A metal bodied wood plane that looks like a complete rust bucket can almost always be restored to be a good looking user. Other than heavy chips or rust pitting ahead of the mouth other wear and damage doesn't usually matter.

This Stanley Number 5 jack plane has good finish on the knob and tote so it was retained. Good wax was just rubbed in with 0000 steel wool. If the knob and tote are really chewed up they can be stripped, sanded, oiled and waxed and will look terrific. The knob is quickly sanded on a lathe or drill press. The tote is all handwork. Strips of sandpaper used shoe shine fashion while the tote is in a vise are helpful.

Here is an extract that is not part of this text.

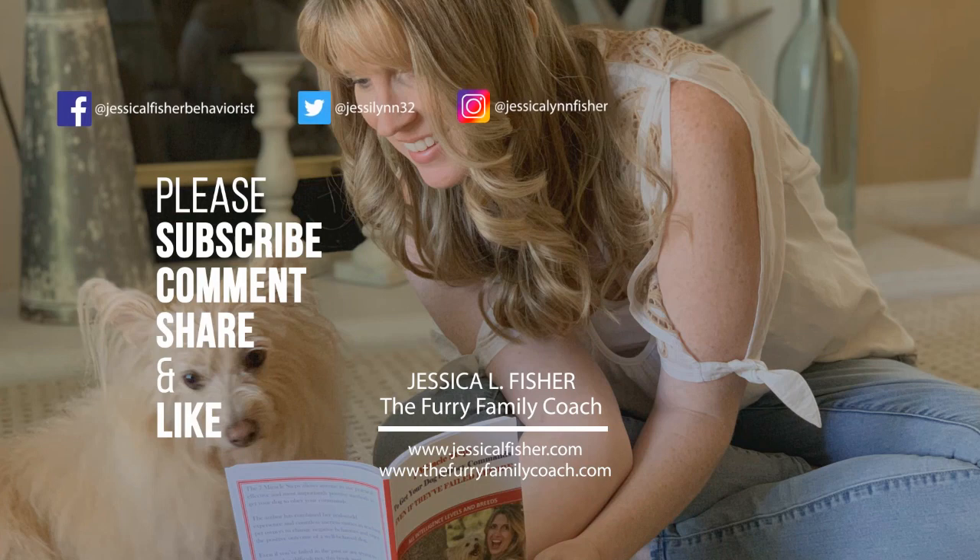The link is in the description. If you have a question you'd like me to answer, go ahead and comment below. You can also join the Facebook group and post in there. I'd love to hear from you, and don't forget to post those pictures of your pets — I absolutely love seeing them. I will see you guys in the next video. Thanks for joining me. Make sure to give this video a thumbs up and subscribe to my channel so you never miss another video.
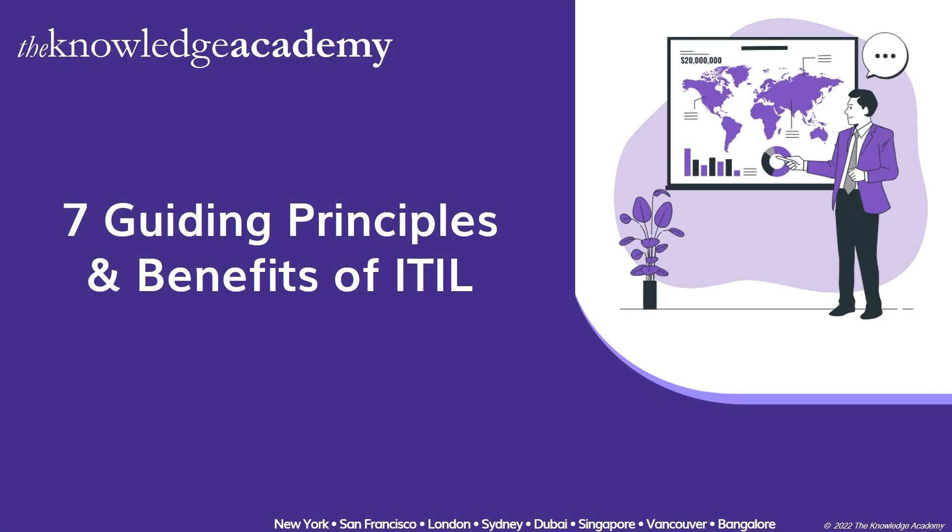Welcome to the latest edition of Career Videos by the Knowledge Academy. Today's video is about the seven guiding principles and their respective benefits of ITIL 4.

I use wire wheels in the drill press to remove rust and then Scotchbrite pads to give the
steel a uniform scratch pattern. Brass parts are polished on a buffing wheel and with Simichrome metal polish. Steel screw heads can be buffed to a chrome-like luster with the buffing wheel.

I used naval jelly on the rusty parts of the japanning and then wiped on some oil.

I reassemble all the parts with a drop of oil on all threads.

Click on the first picture for a slideshow:




 All parts before and after cleaning:






The final result still has lots of patina, just no rust. The sides of the plane could have been lapped until they were bright as well.